PyTorch implementation of CVPR'18 - Perturbative Neural Networks

Overview

Perturbative Neural Networks (PNN)

This is an attempt to reproduce results in Perturbative Neural Networks paper. See original repo for details.

Motivation

The original implementation used regular convolutions in the first layer, and the remaining layers used fanout of 1, which means each input channel was perturbed with a single noise mask.
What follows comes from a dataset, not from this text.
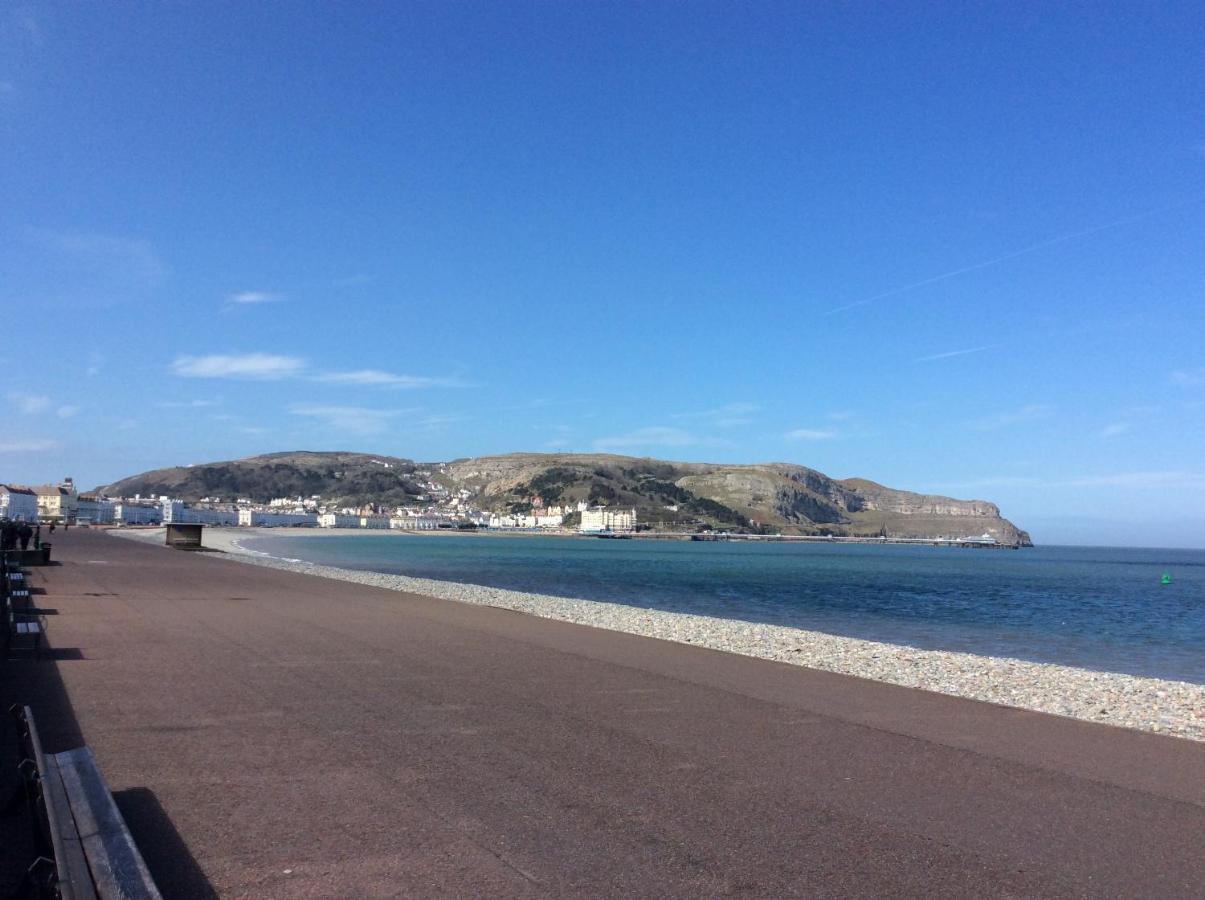 Frosty Towers Bed & Breakfast Llandudno Luaran gambar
However, the biggest issue with the original implementation is that test accuracy was calculated incorrectly. Instead of the usual method of calculating ratio of correct samples to total samples in the test dataset, the authors calculated accuracy on per batch basis, and applied smoothing weight (test_accuracy = 0.7 * prev_batch_accuracy + 0.3 * current_batch_accuracy).

Here's how this method (reported) compares to the proper accuracy calculation (actual):

img

For this model run (noiseresnet18 on CIFAR10), the code in original repo would report best test accuracy 90.53%, while the actual best test accuracy is 85.91%

After correcting this issue, I ran large number of experiments trying to see if perturbing input with noise masks would provide any benefit, and my conclusion is that it does not.
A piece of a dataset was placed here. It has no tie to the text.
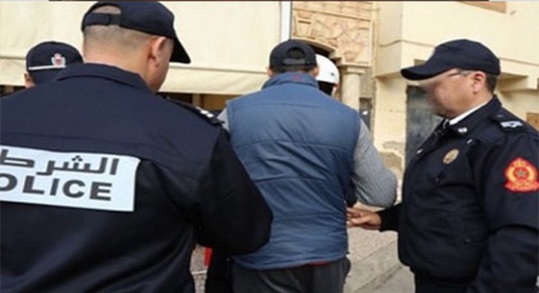 شرطة الحدود بمعبر فرخانة بالناظور توقف تونسي وجزائرية حاولا التسلل إلى مليلية‎ بجوازات سفر مغربية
Here's for example, the difference between ResNet18-like models: a baseline model with reduced number of filters to keep the same parameter count, a model where all layers except first one use only 1x1 convolutions (no noise), and a model where all layers except first one use perturbations followed by 1x1 convolutions. All three models have ~5.5M parameters:

img

The accuracy difference between regular resnet baseline and PNN remains ~5% throughout the training, and the addition of noise masks results in less than 1% improvement over equivalently "crippled" resnet without any noise applied.

Implementation details

Most of the modifications are contained in the PerturbLayer class. Here are the main changes from the original code:

--first_filter_size and --filter_size arguments control the type of the first layer, and the remaining layers, correspondingly. A value of 0 turns the layer into a perturbation layer, as described in the paper. Any value n > 0 will turn the layer into a regular convolutional layer with filter size n. The original implementation only supports first_filter_size=7, and filter_size=0.

--nmasks specifies number of noise masks to apply to each input channel. This is "fanout" parameter mentioned in the paper. The original implementation only supports nmasks=1.
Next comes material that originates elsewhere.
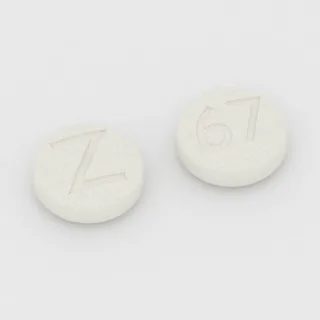 Atenolol 100 mg tablet: white, round, 10 mm, imprinted Z on one side and 67 on the other.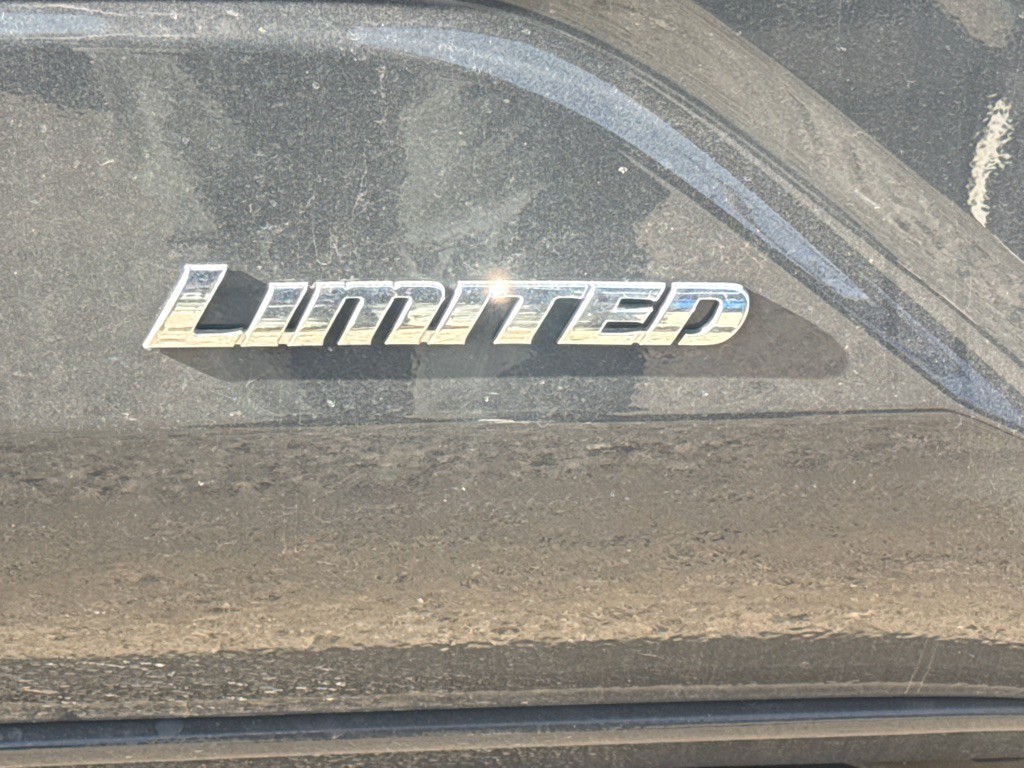 2025 Toyota Tacoma Image 8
--unique_masks specifies whether to use different sets of nmasks noise masks for each input channel. --no-unique_masks forces the same set of nmasks to be used for all input channels.

--train_masks enables treating noise masks as regular parameters, and optimizes their values during training at the same time as model weights.

--mix_maps adds second 1x1 convolutional layer after perturbed input channels are combined with the first 1x1 convolution. Without this second 1x1 "mixing" layer, there is no information exchange between input channels all the way until the softmax layer in the end. Note that it's not needed when --nmasks is 1, because then the first 1x1 convolutional layer already plays this role.

Other arguments allow changing noise type (uniform or normal), pooling type (max or avg), activation function (relu, rrelu, prelu, elu, selu, tanh, sigmoid), whether to apply activation function in the first layer (--use_act, immediately after perturbing the input RGB channels, this results in some information loss), whether to scale noise level in the first layer, and --debug argument prints out values of input, noise, and output for every update step to verify that noise is being applied correctly.

Three different models are supported: perturb_resnet18, cifarnet (6 conv layers, followed by a fully connected layer), and lenet (3 conv. layers followed by a fully connected layer). In addition, I included the baseline ResNet-18 model resnet18 taken from here, and noiseresnet18 model from the original repo. Note that perturb_resnet18 model is flexible enough to replace both baseline and noiseresnet18 models, using appropriate arguments.

Results

CIFAR-10:

  1. Baseline (regular ResNet18 with 3x3 convolutions, number of filters reduced to match PNN parameter count) Test Accuracy: 91.8%
python main.py --net-type 'resnet18' --dataset-test 'CIFAR10' --dataset-train 'CIFAR10' --nfilters 44 --batch-size 10 --learning-rate 1e-3
  1. Original implementation (equivalent to running the code from the original repo). Test Accuracy: 85.7%
python main.py --net-type 'noiseresnet18' --dataset-test 'CIFAR10' --dataset-train 'CIFAR10' --nfilters 128 --batch-size 10 --learning-rate 1e-4 --first_filter_size 7
  1. Same as above, but changing first_filter_size argument to 3 improves the accuracy to 86.2%

  2. Same as above, but without any noise (resnet18 with 3x3 convolutions in the first layer, and 1x1 in remaining layers). Test Accuracy: 85.5%

python main.py --net-type 'perturb_resnet18' --dataset-test 'CIFAR10' --dataset-train 'CIFAR10' --nfilters 128 --batch-size 16 --learning-rate 1e-3 --first_filter_size 3 --filter_size 1 
  1. PNN with all uniform noise in all layers (including the first layer). Test Accuracy: 72.6%
python main.py --net-type 'perturb_resnet18' --dataset-test 'CIFAR10' --dataset-train 'CIFAR10' --nfilters 128 --batch-size 16 --learning-rate 1e-3 --first_filter_size 0 --filter_size 0 --nmasks 1 
  1. PNN with noise masks in all layers except the first layer, which uses regular 3x3 convolutions with fanout=64. Internally fanout is implemented with grouped 1x1 convolutions. Note: --unique_masks arg creates unique set of masks for each input channel, in every layer, and --mix_maps argument which uses extra 1x1 convolutional layer in all perturbation layers. Test Accuracy: 82.7%
python main.py --net-type 'perturb_resnet18' --dataset-test 'CIFAR10' --dataset-train 'CIFAR10' --nfilters 128 --batch-size 16 --learning-rate 1e-3 --first_filter_size 3 --filter_size 0 --nmasks 64 --unique_masks --mix_maps
  1. Same as above, but with --no-unique_masks argument, which means that the same set of masks is used for each input channel. Test Accuracy: 82.4%
python main.py --net-type 'perturb_resnet18' --dataset-test 'CIFAR10' --dataset-train 'CIFAR10' --nfilters 128 --batch-size 16 --learning-rate 1e-3 --first_filter_size 3 --filter_size 0 --nmasks 64 --no-unique_masks

Experiments 6 and 7 are the closest to what was described in the paper.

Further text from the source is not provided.